BEGIN Exercise data

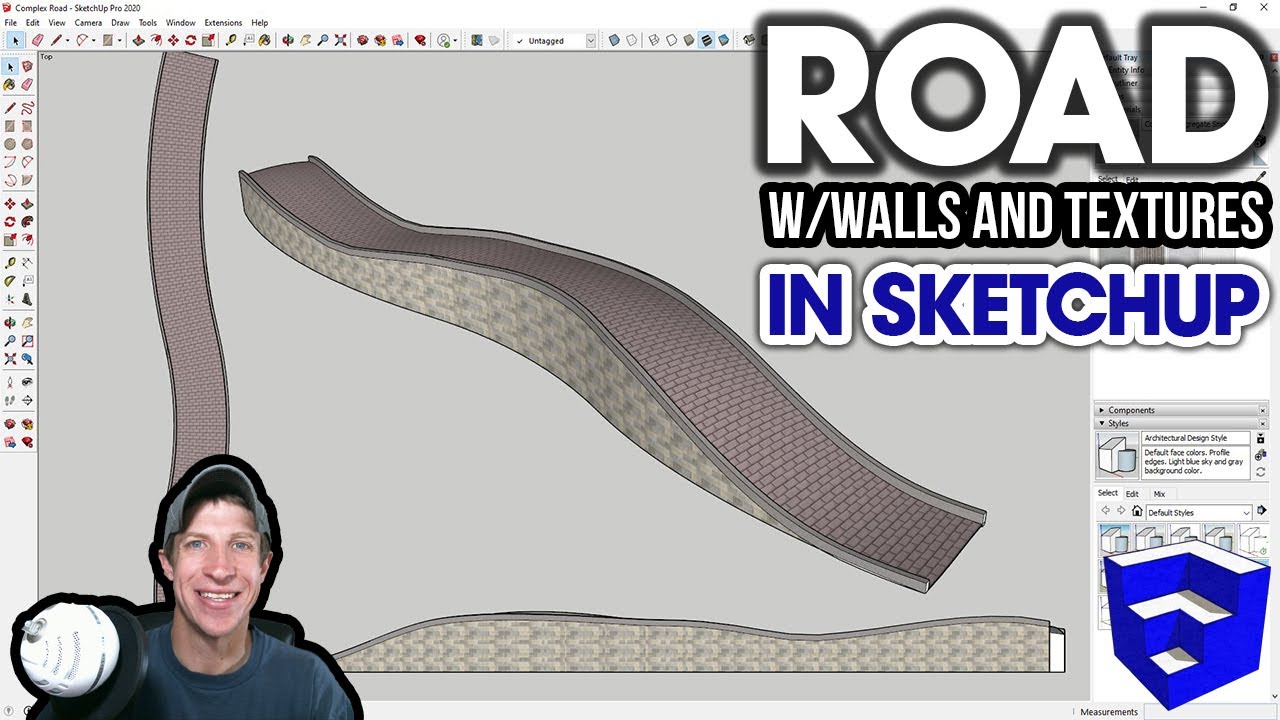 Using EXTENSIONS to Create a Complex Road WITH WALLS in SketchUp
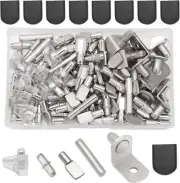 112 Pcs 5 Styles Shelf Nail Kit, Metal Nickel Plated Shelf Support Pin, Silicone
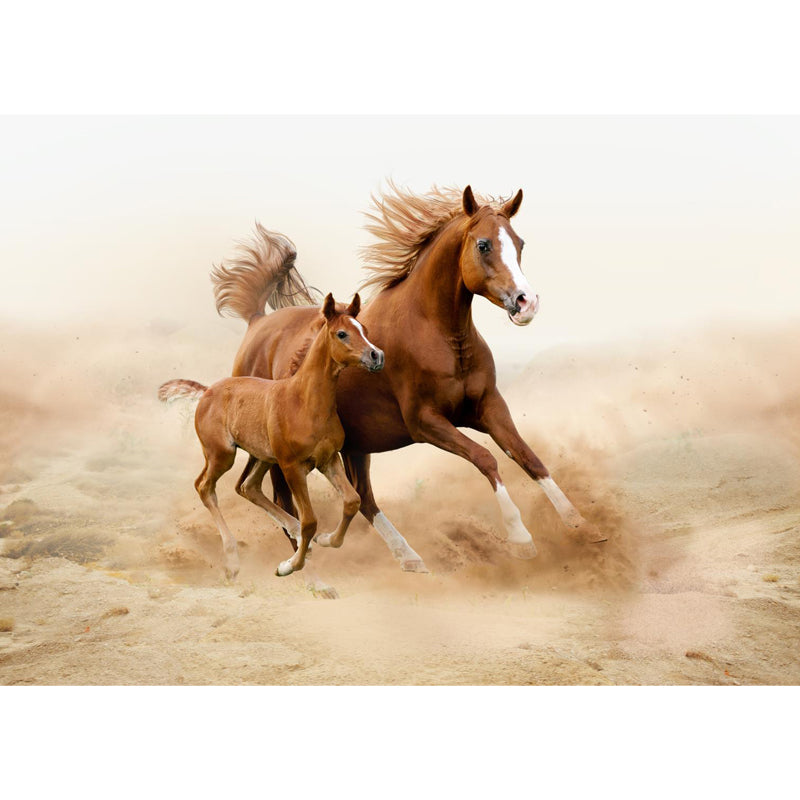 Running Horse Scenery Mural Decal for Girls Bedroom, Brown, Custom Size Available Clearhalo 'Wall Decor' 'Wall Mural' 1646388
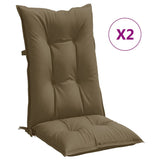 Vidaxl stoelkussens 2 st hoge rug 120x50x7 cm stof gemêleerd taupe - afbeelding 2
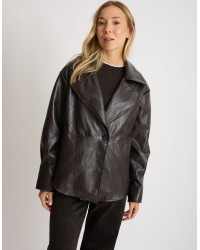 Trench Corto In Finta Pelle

END Exercise data
BEGIN Exercise data

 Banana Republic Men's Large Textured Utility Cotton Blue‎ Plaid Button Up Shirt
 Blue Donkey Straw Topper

END Exercise data

## Exercise goal
Return every line of the data above in which "Blue" appears.

## Result of the exercise
 Banana Republic Men's Large Textured Utility Cotton Blue‎ Plaid Button Up Shirt
 Blue Donkey Straw Topper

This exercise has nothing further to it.